Non, c’est fini pour lui. Deux raisons l’en empêchent: parce que, selon la constitution, il ne peut pas être réélu et donc, l’opposition ne peut pas le suggérer ; et deuxièmement, parce que compte tenu de la situation actuelle, son retour est impensable.

  • Quels défis et quelles espérances y a-t-il pour Haïti ?

Pour l’Église, le défi actuel est la participation des laïcs et leur formation. Ils attendent cette formation ; ils la veulent. On sent l’ardeur des catholiques d’être plus engagés et ils regrettent leur propre manque de formation. C’est l’un des plus grands défis en ce moment pour l’Église en Haïti, la formation du laïcat à tous niveaux. Si nous pouvons relever ce défi, l’Église fera un grand pas en avant.

  • Aimeriez-vous ajouter quelque chose d’autre ?

Oui, pour les Oblats, je voudrais souligner notre dynamisme missionnaire pour la « mission à l’extérieur ». Sans compter la Colombie et Cuba, les Oblats ont maintenant répondu positivement à l’appel de la Guyane française.
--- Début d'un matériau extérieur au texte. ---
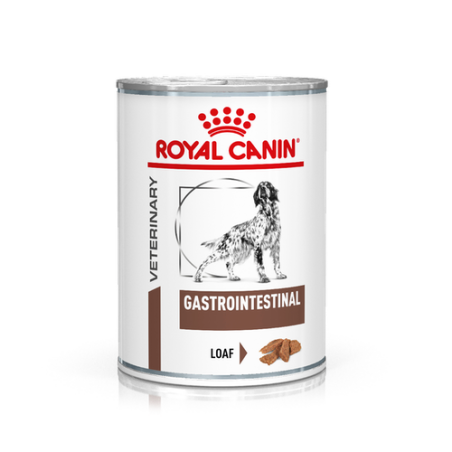 ROYAL CANIN GASTROINTESTINAL CANE 400GR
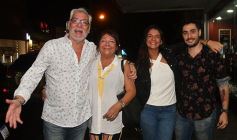 Foto de la galería: Noche de cena y festejos por el dìa de San Valentìn en Posadas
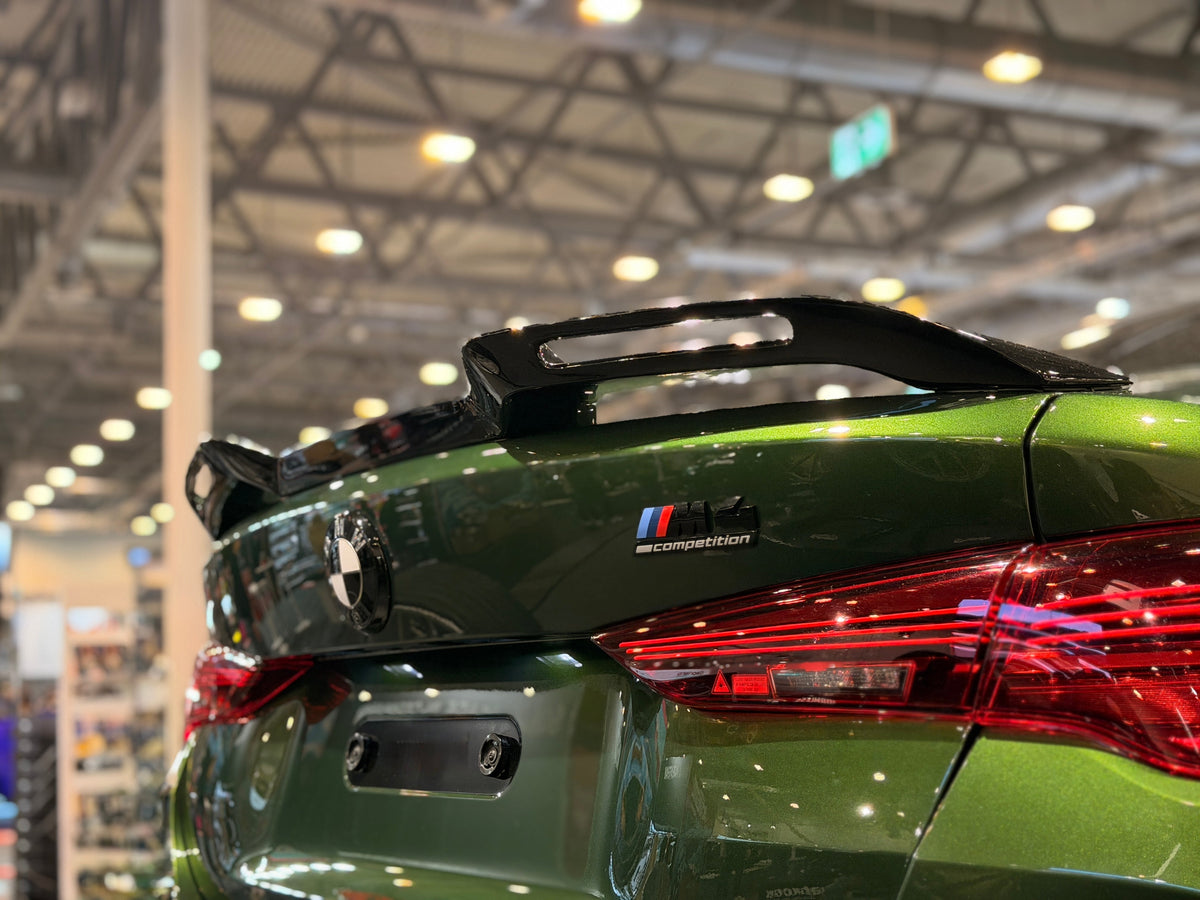 Was sind die Vorteile von Aftermarket-Tuningteilen gegenüber Originalteilen? - CarWorlds GmbH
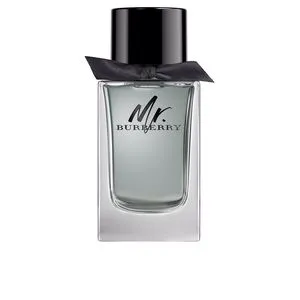 MR BURBERRY eau de toilette vaporizzatore 150 ml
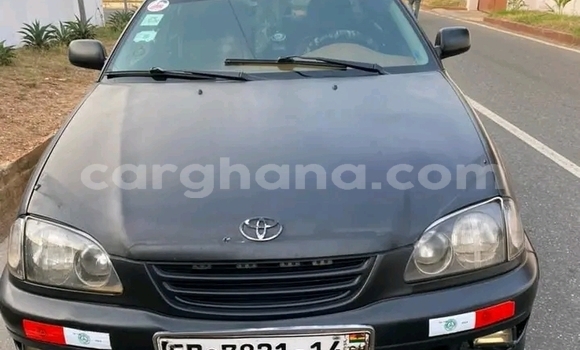 Buy Used Toyota Avensis Other Car in Accra in Greater Accra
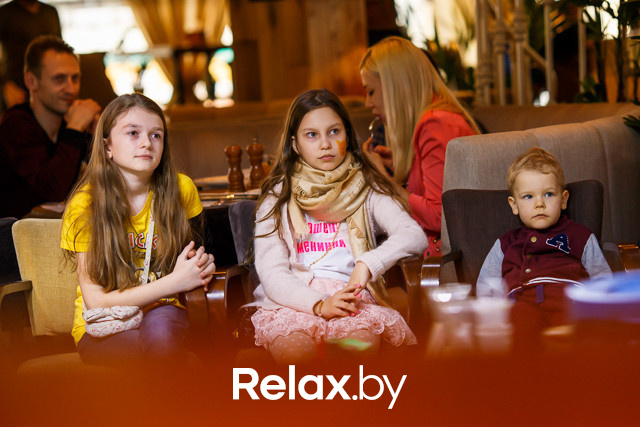 Детский день, фото № 31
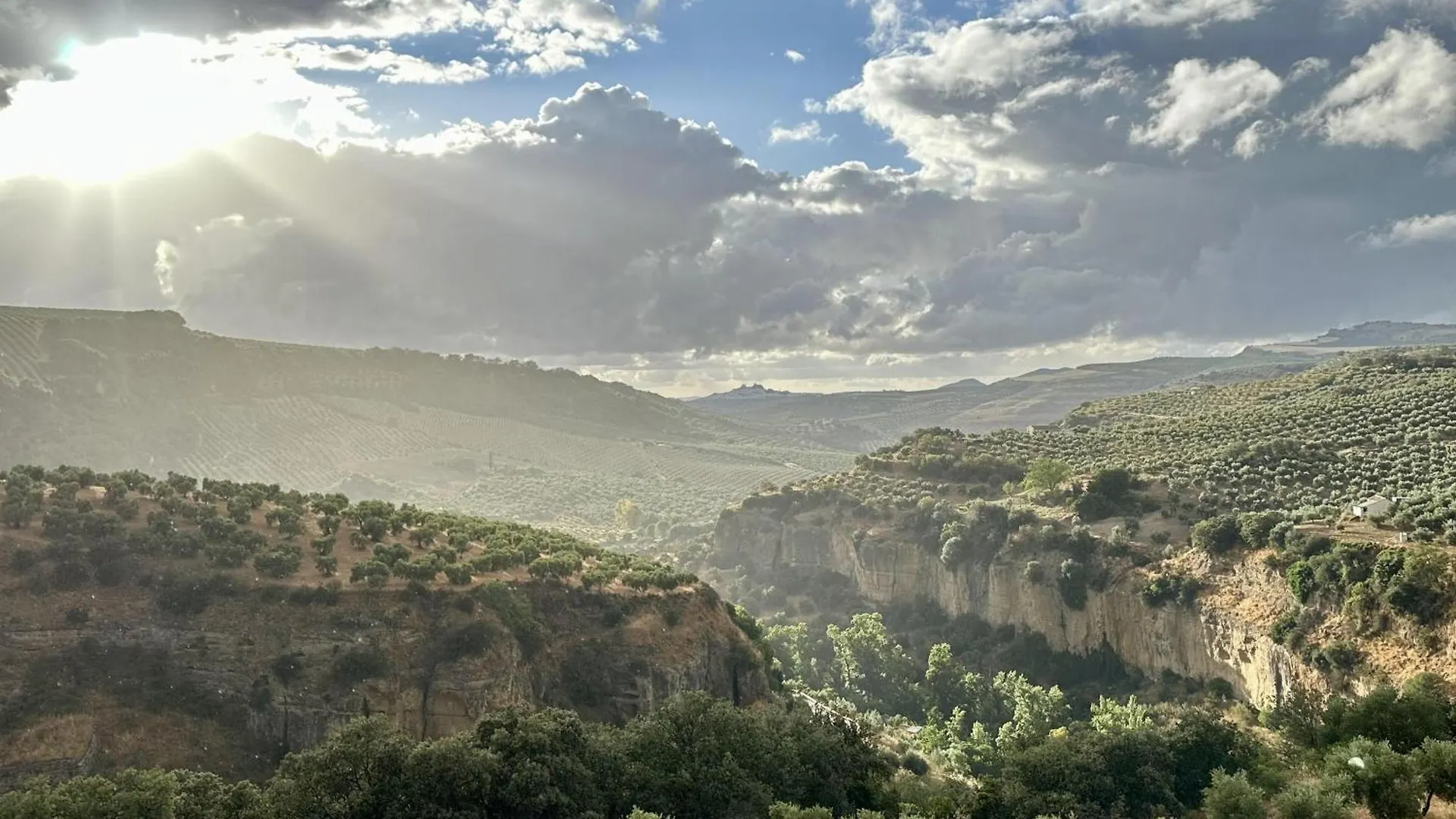 Avalon In Setenil Setenil De Las Bodegas 0*,  Spain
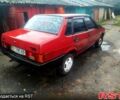 Красный ВАЗ 21099, объемом двигателя 1.5 л и пробегом 0 тыс. км за 500 $, фото 3 на Automoto.ua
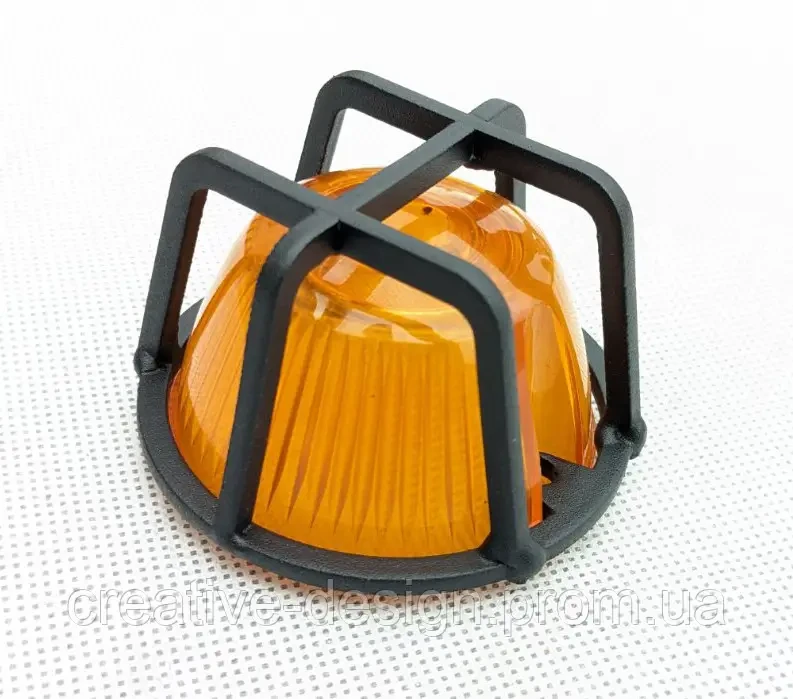 Купити Захист повторювачів поворотів CreativeGarage для УАЗ 452, 469, Хантер, Буханка пара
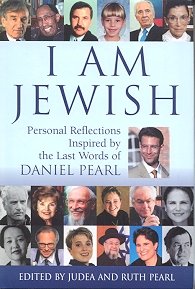 I Am Jewish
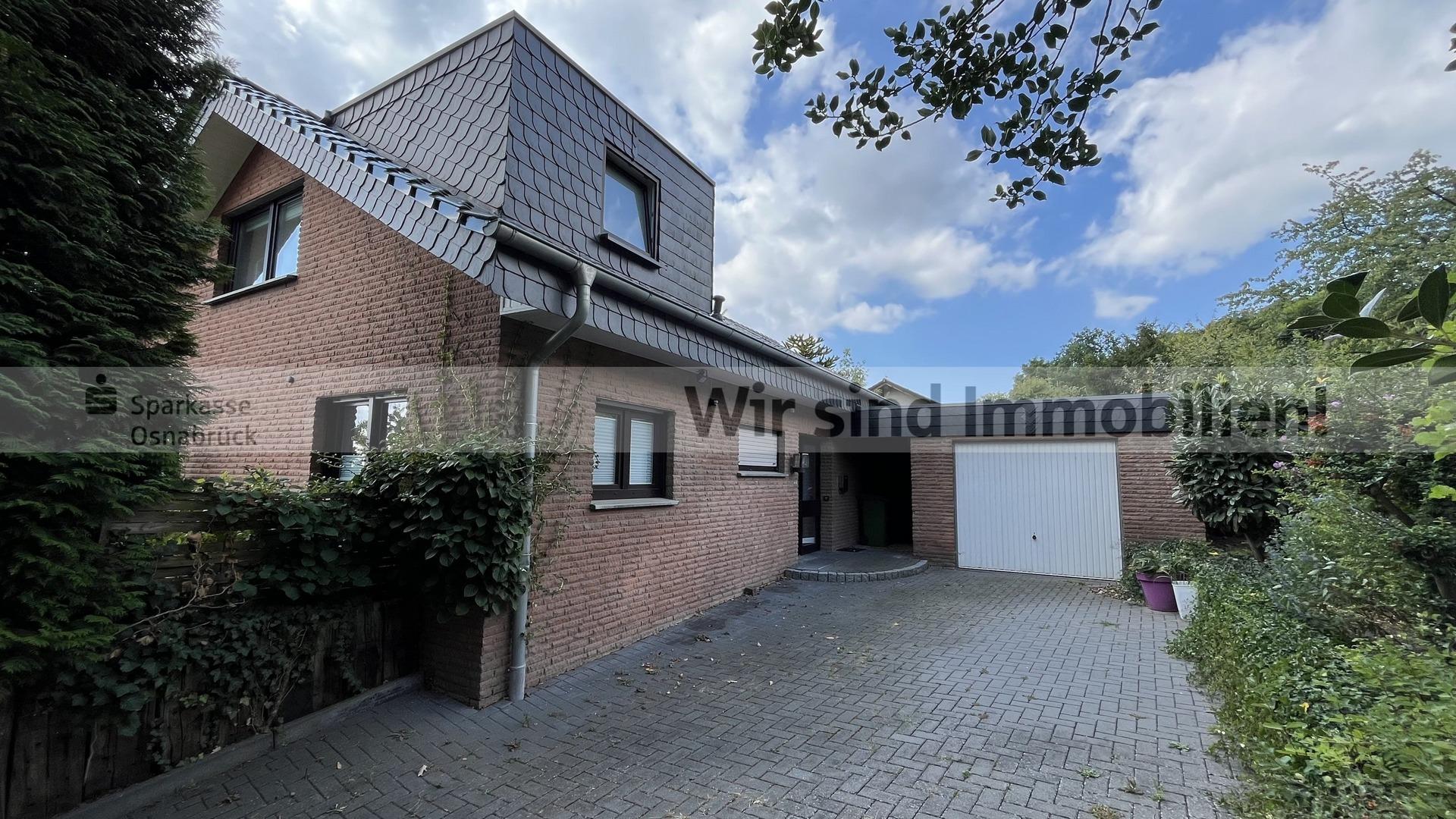 Eingang / Hof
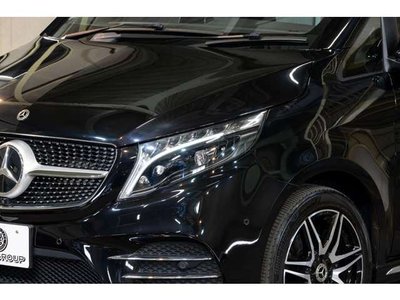 2023 Mercedes-BENZ V-CLASS — миниатюра 56
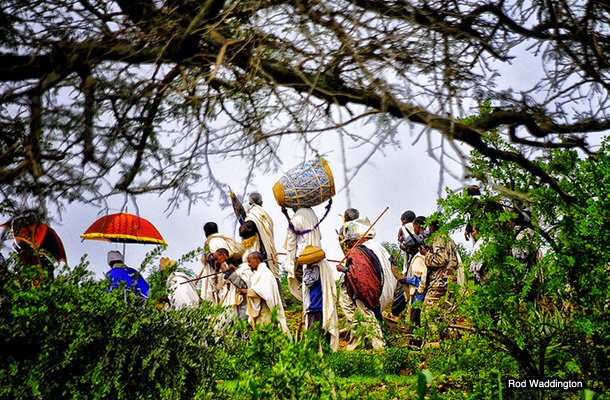 Lalibela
Ils sont responsables de la mission dans les trois endroits : à Cuba, en Colombie, et en Guyane. Pour Cuba, c’est plus compliqué d’obtenir un visa, non pas un visa touristique, mais un visa en tant que missionnaire ; en d’autres termes, pour obtenir un permis de séjour d’une année ou deux. Comme on me l’a dit, l’un d’entre eux a obtenu un visa de missionnaire. Espérons que ce n’est pas l’exception qui confirme la règle. Pour la Guyane et la Colombie, grâce à Dieu, les choses sont différentes.

Pour le reste, en Haïti il y a abondance de vocations et nous les Oblats nous avons de la chance puisque nous sommes la congrégation religieuse masculine la plus nombreuse. Notre perspective missionnaire est un attrait pour de jeunes candidats.

Le P. Joaquín Martínez Vega avec Mgr. Paulo.

Grand merci, Mgr Paulo, pour toutes ces informations. Nous vous souhaitons un ministère fécond dans cette partie de la vigne du Seigneur que le Saint-Siège vous a confiée.